Ma non è servito a nulla: i 6 dipendenti agli sportelli sono stati irremovibili, e hanno continuato a ripetere: “Chi non ha il biglietto con il numero se ne vada a casa, non verrà servito!”
Non sapendo cosa fare sono rimasta qualche secondo ad osservare la situazione, e ho notato che molti dei presenti si stavano organizzando come potevano: chi rassicurava il vicino-senza-numero offrendogli di accorpare le raccomandate, chi raccoglieva da terra qualche numero abbandonato da persone che avevano desistito davanti alla fila, chi proponeva di tenere il numero e poi passarlo a chi ne avesse avuto bisogno, il tutto mormorando con un fil di voce per evitare che gli sportellisti sentissero, neanche fosse stato il mercato nero.

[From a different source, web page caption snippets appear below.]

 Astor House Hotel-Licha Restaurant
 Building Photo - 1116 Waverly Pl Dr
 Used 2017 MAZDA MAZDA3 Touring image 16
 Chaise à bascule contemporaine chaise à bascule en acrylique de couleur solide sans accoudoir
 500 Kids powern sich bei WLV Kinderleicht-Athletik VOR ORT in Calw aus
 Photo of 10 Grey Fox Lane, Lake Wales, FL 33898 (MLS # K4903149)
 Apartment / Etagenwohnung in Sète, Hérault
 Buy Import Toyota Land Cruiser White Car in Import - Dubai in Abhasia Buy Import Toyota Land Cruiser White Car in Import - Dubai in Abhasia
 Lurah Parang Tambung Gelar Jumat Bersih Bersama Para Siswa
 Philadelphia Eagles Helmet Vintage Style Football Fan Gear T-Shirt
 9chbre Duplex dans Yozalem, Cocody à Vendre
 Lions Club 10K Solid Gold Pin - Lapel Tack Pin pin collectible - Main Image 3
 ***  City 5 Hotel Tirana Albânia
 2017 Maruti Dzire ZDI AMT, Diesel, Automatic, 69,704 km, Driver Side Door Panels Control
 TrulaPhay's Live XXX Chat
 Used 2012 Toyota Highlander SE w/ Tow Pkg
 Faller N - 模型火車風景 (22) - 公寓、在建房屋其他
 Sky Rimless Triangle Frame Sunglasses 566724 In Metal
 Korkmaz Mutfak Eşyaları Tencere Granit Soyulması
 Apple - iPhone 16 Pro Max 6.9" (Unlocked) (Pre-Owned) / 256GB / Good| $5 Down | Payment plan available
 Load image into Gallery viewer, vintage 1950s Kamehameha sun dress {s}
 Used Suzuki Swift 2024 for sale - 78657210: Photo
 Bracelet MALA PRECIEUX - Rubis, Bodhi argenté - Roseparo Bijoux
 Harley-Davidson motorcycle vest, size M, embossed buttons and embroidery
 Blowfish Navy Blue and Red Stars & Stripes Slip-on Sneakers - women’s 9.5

Ad ogni modo, mentre molti si organizzavano e molti altri invece continuavano a protestare, le repliche dei dipendenti non hanno mai smesso di saettare: “E’ inutile che vi lamentiate, se non avete il numero non verrete serviti!”, oppure: “Se è urgente domani mattina andate a Segrate, lì troverete sicuramente aperto!”
Nel panico, non sapendo proprio come fare mi sono avvicinata allo sportello più vicino e ho cercato di spiegare a un’impiegata: “Devo spedire questo pacco per lavoro, sono assunta in prova, se non lo spedisco potrebbero licenziarmi.”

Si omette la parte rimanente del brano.